Cornered is Linda DeFruscio’s story of her long and often complex association with Dr. Richard J. Sharpe, the millionaire dermatologist from Gloucester, MA who was convicted of killing his wife. Beautifully written and surprisingly tender, Corneredallows the reader an upfront view of the fragility of genius and the decline into madness, all while casting a second light on how one woman’s refusal to turn her back resulted in momentous changes in her own life.
Find out more on Amazon.
Why don’t you begin by telling us a little about yourself?
My day job is working as an electrologist (someone who removes unwanted hair from clients’ bodies) and an aesthetician (someone who helps clients enhance their skin and features so that they can be their most beautiful selves). I wouldn’t be as good at what I do if I didn’t enjoy focusing on details. My love for details informs my writing as well. I am a taker of notes, a collector of information. When I decide to write something, whether it is an article on skin care for a magazine or something bigger, as in the case of my memoir, I find I already have notes tucked away to get me started.
When did you decide you wanted to become an author?
Nearly three decades ago, a magazine editor asked me to write a column on skin care. I had never written anything for publication before. When I handed in the completed piece, she read it and promptly ripped it up! Then she gave me a tape recorder and told me to tell her a “real-life” skin care story in my own words, and we were both happy with the result. I found my “voice” after that, and soon I didn’t need the recorder anymore. I have enjoyed the writing process ever since. It’s a bit of a hobby.
Tell us a bit about your latest book, and what inspired you to write such a story.
Cornered is the story of my long and complicated association with Dr. Richard J. Sharpe, the millionaire dermatologist from Gloucester, MA who was convicted of killing his wife in 2000. He had been my friend and business mentor before his crime, and afterwards I had to decide whether I could continue to befriend him. It was not an easy decision to make. He was a troubled man who did a terrible thing. For nine years, from 2000 to 2009 when he died, the media couldn’t get enough of him. They covered every moment of his trial, his imprisonment, his various suicide attempts and finally his death.
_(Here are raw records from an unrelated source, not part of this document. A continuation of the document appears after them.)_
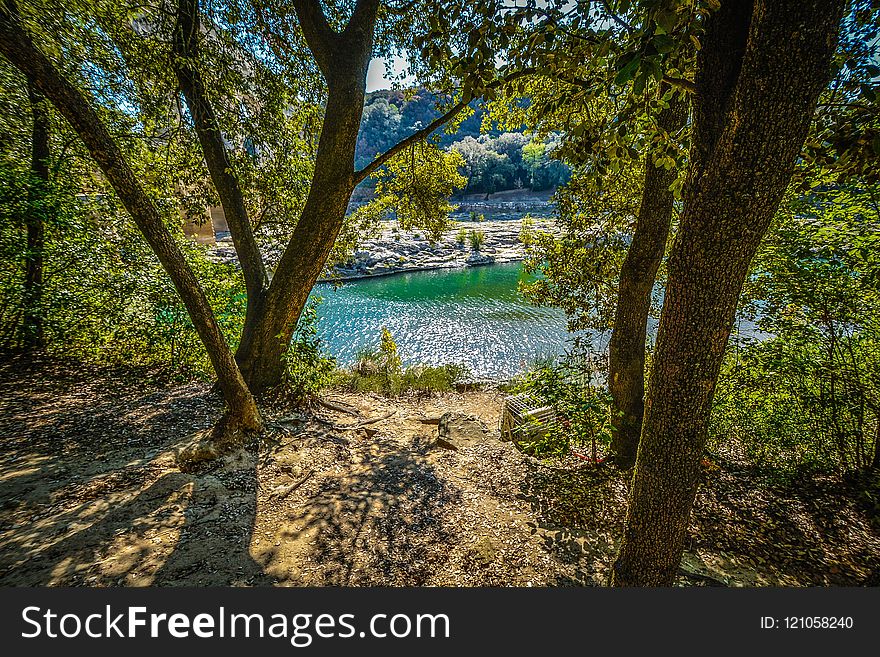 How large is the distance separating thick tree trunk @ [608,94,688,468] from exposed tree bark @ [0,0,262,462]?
13.8 ft

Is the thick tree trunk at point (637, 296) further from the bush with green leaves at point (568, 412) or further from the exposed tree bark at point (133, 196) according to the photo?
the exposed tree bark at point (133, 196)

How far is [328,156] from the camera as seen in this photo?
449 cm

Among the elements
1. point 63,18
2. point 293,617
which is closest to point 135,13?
point 63,18

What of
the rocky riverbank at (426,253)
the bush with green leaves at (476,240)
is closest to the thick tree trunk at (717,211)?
the rocky riverbank at (426,253)

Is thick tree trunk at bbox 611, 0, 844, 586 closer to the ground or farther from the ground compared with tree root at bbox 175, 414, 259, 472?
farther from the ground

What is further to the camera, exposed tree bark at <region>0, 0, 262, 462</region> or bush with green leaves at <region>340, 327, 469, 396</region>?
bush with green leaves at <region>340, 327, 469, 396</region>

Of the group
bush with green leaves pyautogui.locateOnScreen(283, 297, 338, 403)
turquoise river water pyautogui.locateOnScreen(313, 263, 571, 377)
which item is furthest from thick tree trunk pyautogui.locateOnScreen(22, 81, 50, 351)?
turquoise river water pyautogui.locateOnScreen(313, 263, 571, 377)

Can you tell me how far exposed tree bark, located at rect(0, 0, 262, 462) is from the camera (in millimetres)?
2408

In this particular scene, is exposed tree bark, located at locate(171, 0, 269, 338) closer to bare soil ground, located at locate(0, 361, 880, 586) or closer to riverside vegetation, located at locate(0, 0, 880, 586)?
riverside vegetation, located at locate(0, 0, 880, 586)

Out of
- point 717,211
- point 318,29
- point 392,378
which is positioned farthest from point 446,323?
point 717,211

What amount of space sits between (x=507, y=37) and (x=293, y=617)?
3.61 meters

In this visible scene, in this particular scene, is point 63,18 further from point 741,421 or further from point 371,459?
point 741,421

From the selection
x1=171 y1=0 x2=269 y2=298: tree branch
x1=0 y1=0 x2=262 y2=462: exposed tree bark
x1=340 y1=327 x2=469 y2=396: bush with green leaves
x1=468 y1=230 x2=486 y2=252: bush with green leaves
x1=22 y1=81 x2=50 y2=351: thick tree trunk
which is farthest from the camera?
x1=468 y1=230 x2=486 y2=252: bush with green leaves

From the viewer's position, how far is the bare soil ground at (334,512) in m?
2.69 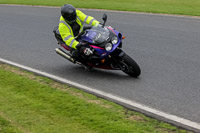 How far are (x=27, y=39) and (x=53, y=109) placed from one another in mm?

So did I, in a sense. As his friend and confidante, I achieved a better understanding of the inner workings of his mind than the jury or the journalists or the psychiatrists all told. I met most of the people who walked in and out of his life after his incarceration. I came to understand the motivations of the various women who offered him their support—and often a lot more—while he was in prison. Having written lots of magazine articles regarding my profession (skin care) and being a lifelong note taker, I knew that I could turn my story of knowing Richard Sharpe into a compelling book.
Did your book require a lot of research?
Yes. I had a lot of notes from the decade between Richard Sharpe’s crime and his death. But most of those notes had to do with my personal journey and my observations about other people in his life. In order to make sure I had my facts correct, I had to re-watch his entire trial on Court TV tapes and reread dozens of articles from various local and national newspapers. I also had to check with lawyers to make sure that my story would not bring any harm to anyone. And I spoke to a lot of people as part of my research too, to get their take on some of the events that unfold in the book. And of course, when he was alive, I spoke to Richard Sharpe about why he did what he did and what he was thinking (or not thinking) at the time.
Who is your target audience?
Cornered is a virtual banquet for psych fans. If you liked the book (or film) about Richard Nash (A Beautiful Mind), you will probably like Cornered as well. Moreover, in order to tell Richard Sharpe’s story, I also had to reveal details about my own life. My father was a member of the Boston-area crime scene. He knew Whitey Bulger, Richie Castucci and others. For years, the greater part of our time together was spent in prison visiting rooms. As a result, I was never afraid to go into a prison to visit Richard Sharpe. So, my book shines a light on Richard Sharpe, the individual, yes, but also on prisons and criminals generally. If you’re a reader who likes crime stories, you are sure to get your fill.
My decision to remain friends with Richard Sharpe impacted my life in ways that were unimaginable to me at the time. I learned a lot about myself and about human nature generally because of our association. I suffered a great deal of loss; and I gained a few insights. I think any reader who has experienced shifts in their life as a result of their association with a difficult or strong-willed or mentally-ill person—whether it is a child or a spouse or a friend—will identify with my story.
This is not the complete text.